Titanium Substitution Effects on the Structure, Activity, and Stability of Nanoscale Ruthenium Oxide Oxygen Evolution Electrocatalysts: Experimental and Computational Study

Proton-exchange membrane water electrolyzers produce hydrogen from water and electricity and can be powered using renewable energy; however, the high overpotential, high cost, and limited supply of the oxygen evolution reaction (OER) electrocatalyst are key factors that hinder wide-scale adoption. Ruthenium oxide (RuO2) has a lower overpotential, lower cost, and higher global supply compared with iridium oxide (IrO2), but RuO2 is less stable than IrO2. As an approach to improve the catalytic stability, we report the effect of titanium substitution at different concentrations within nanoscale RuO2, Ru1–x Ti x O2 (x = 0–50 at. %), on the structure, OER activity, and stability using combined experiments and theory. Titanium substitution within rutile RuO2 affects the electronic structure, resulting in regions of electron accumulation and electron depletion at the surface, and shifts the d-band and O 2p band centers to higher binding energies.
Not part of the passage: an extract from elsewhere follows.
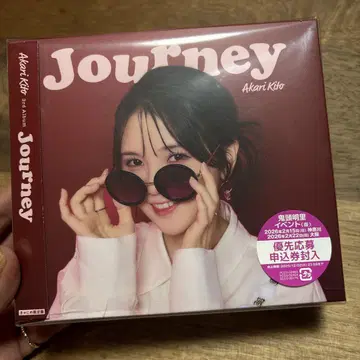 키토 아카리 Journey 최초 한정판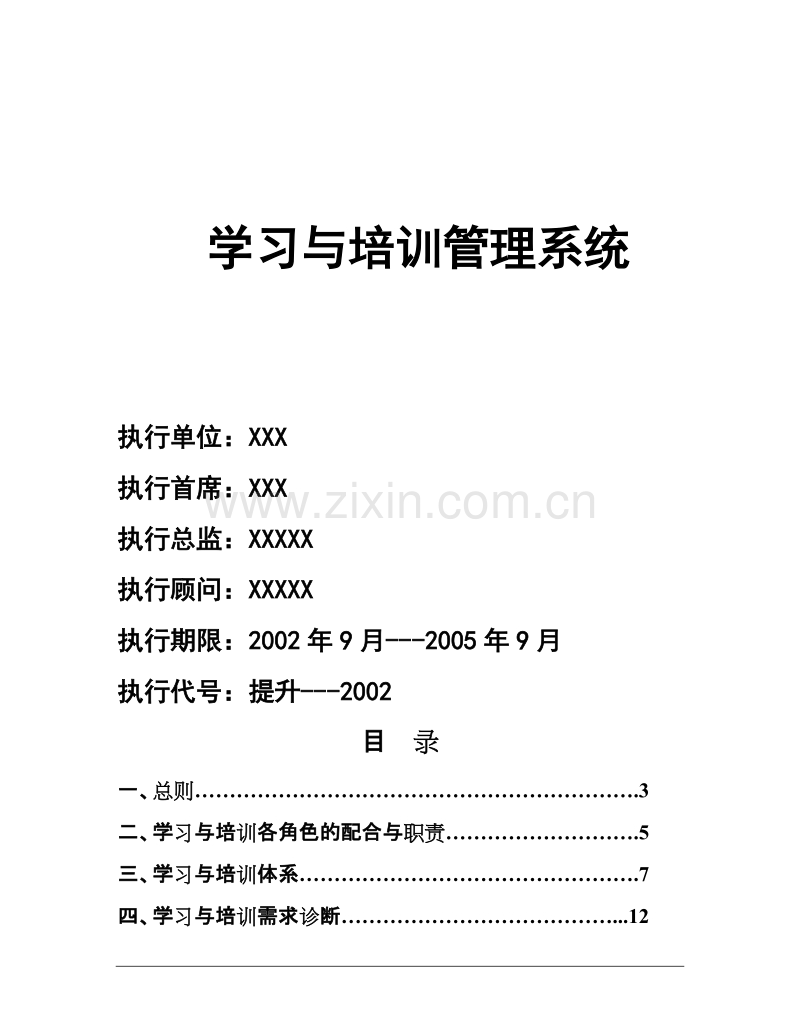 学习与培训管理系统.doc_第1页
Calculations show that the effects of Ti on the electronic structure are highly dependent on not only the concentration but also the specific dopant location. From electrochemical testing and analysis of the electrolyte and simulations, titanium substitution at low concentrations (12.5 and 20 at. %) improves catalyst stability and lowers Ru dissolution. Experiments of OER activity agree with the theory that Ti substitution results in a higher overpotential when averaging over all adsorption sites. Theoretical analysis shows that specific sites predominately act as catalytic sites for the OER, while metal dissolution occurs at different sites. Specifically, OER has the lowest barriers at penta-coordinated Ru sites, while hexa-coordinated Ru sites have the lowest energetic barriers for dissolution.